> **Exercise goal**
For each entry below, please return its exact wording and leave out any picture.
====== Data ======
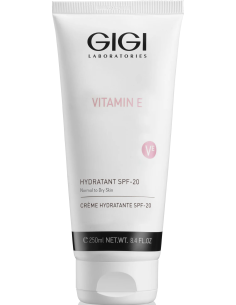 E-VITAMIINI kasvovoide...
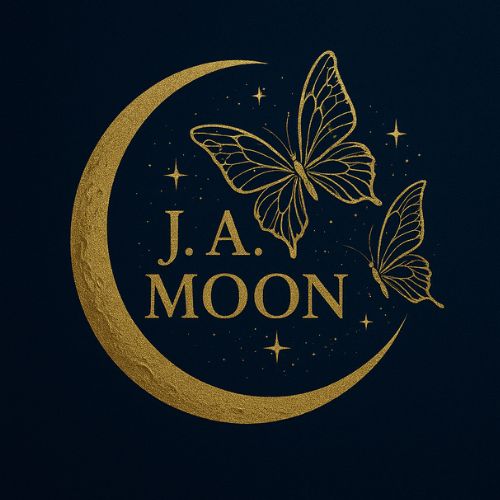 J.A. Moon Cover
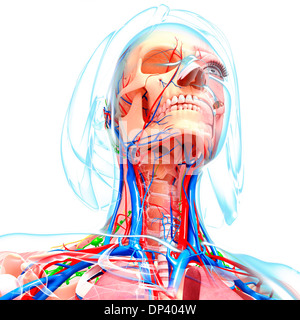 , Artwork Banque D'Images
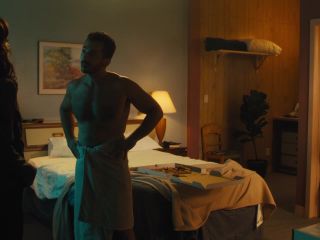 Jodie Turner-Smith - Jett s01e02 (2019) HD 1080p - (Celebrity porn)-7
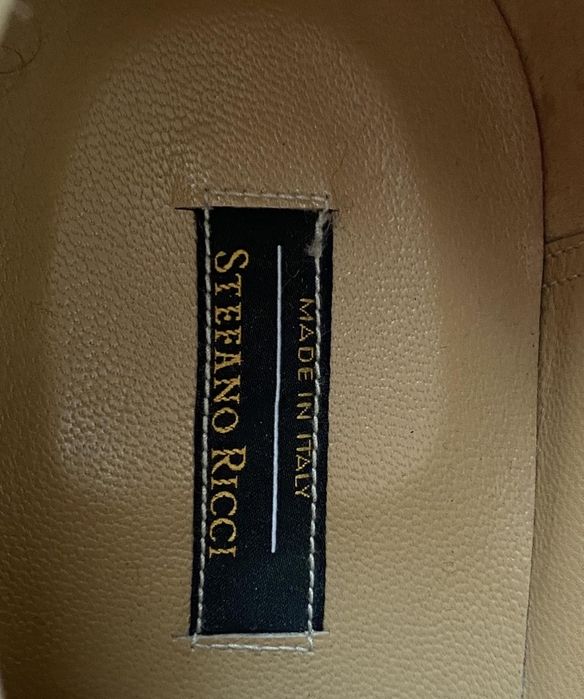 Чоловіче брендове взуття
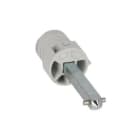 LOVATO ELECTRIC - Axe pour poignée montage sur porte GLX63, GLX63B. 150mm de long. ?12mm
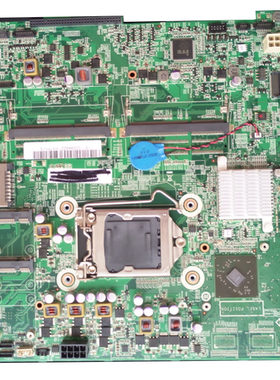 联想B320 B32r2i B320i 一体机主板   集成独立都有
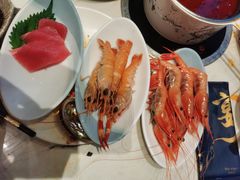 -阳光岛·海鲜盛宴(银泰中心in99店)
======
> **Worked solution**
 E-VITAMIINI kasvovoide...
 J.A. Moon Cover
 , Artwork Banque D'Images
 Jodie Turner-Smith - Jett s01e02 (2019) HD 1080p - (Celebrity porn)-7
 Чоловіче брендове взуття
 LOVATO ELECTRIC - Axe pour poignée montage sur porte GLX63, GLX63B. 150mm de long. ?12mm
 联想B320 B32r2i B320i 一体机主板   集成独立都有
 -阳光岛·海鲜盛宴(银泰中心in99店)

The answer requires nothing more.